If nothing else, make sure the oxguardpass file is the same for all Guard servers. This is the local password file that is used to encrypt some database items. If this varies between machines, there will be failures with password recoveries and cached key creation

Pre-Installation

  • Please make sure that the database is accessible from all of the Guard servers (usernames allow for the Guard IPs)
  • Set up a filestore that can be accessed from all Guard servers. This may be a Networked File Store (NAS), or Amazon


Setup

Configuration

OX Backends

On each OX backend, make sure the packages open-xchange-rest and open-xchange-guard-backend are installed. Edit the /opt/open-xchange/etc/server.properties file to make sure the REST API username and password are configured. Please see the setup instructions for details.

First machine

First, setup the guard.properties file to the needed settings.

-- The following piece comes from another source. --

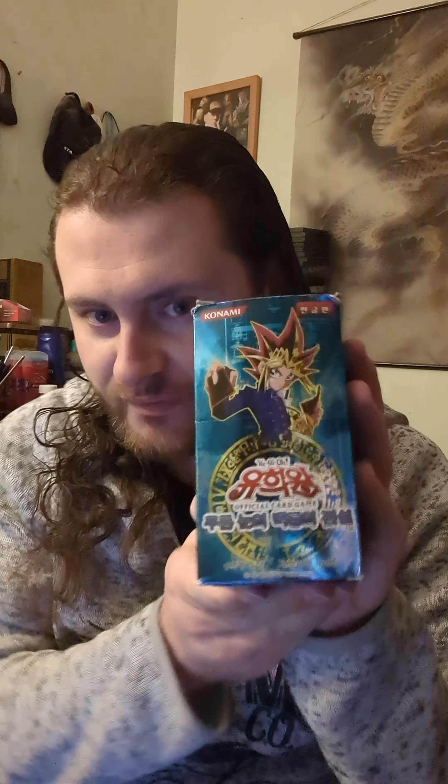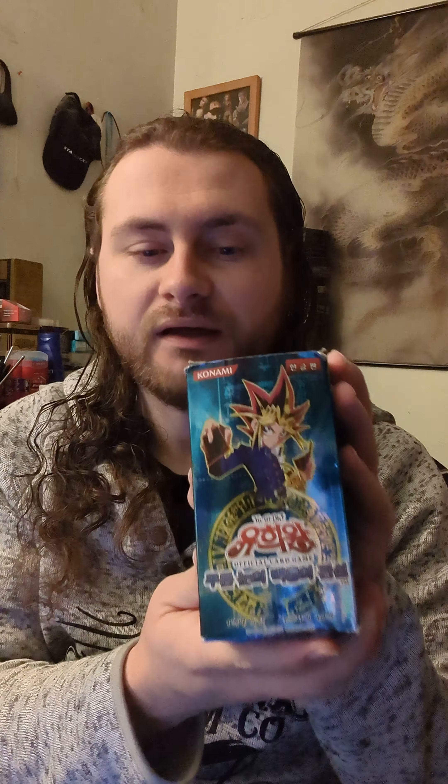As I've said in previous videos, if this channel gets to 500 subs I will open up this Korean LOB booster box in its entirety on the channel, that I got from my partners at Collector Store. So be sure to check them out — link and address will be in the description below. By checking them out, not only does it support them, it also supports the channel, and I would greatly appreciate it.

  • Make sure that the com.openexchange.guard.storage.file.uploadDirectory setting refers to the NAS
  • Make sure the right username/password for the REST API are set
  • Make sure all database settings are set for names that can be used from all guard servers (i.e. don't use localhost)
  • If installing on the same server as an OX backend, it is possible to use localhost as the restAPIHostname, but if not, make sure goes through the same load balancer or routing as the users
    • Guard uses JESESSIONID, like the user interface, for routing
    • Guard uses the users cookie data to authorize against the backend to retrieve emails, etc.
    • If routed to a different backend than the user, there will be excess sessions created


Run the ./guard init on THE FIRST MACHINE ONLY

Once init is done, the oxguardpass file will be created. This file will need to be copied to all other Guard machines.

Other machines

Copy the oxguardpass file from the first installation into /opt/open-xchange/guard Make sure that the guard.properties file for that machine is configured with the same required settings as the first. You may be able to just copy the guard.properties file from the first depending on your setup.


Startup

Once above is done, guard can be started.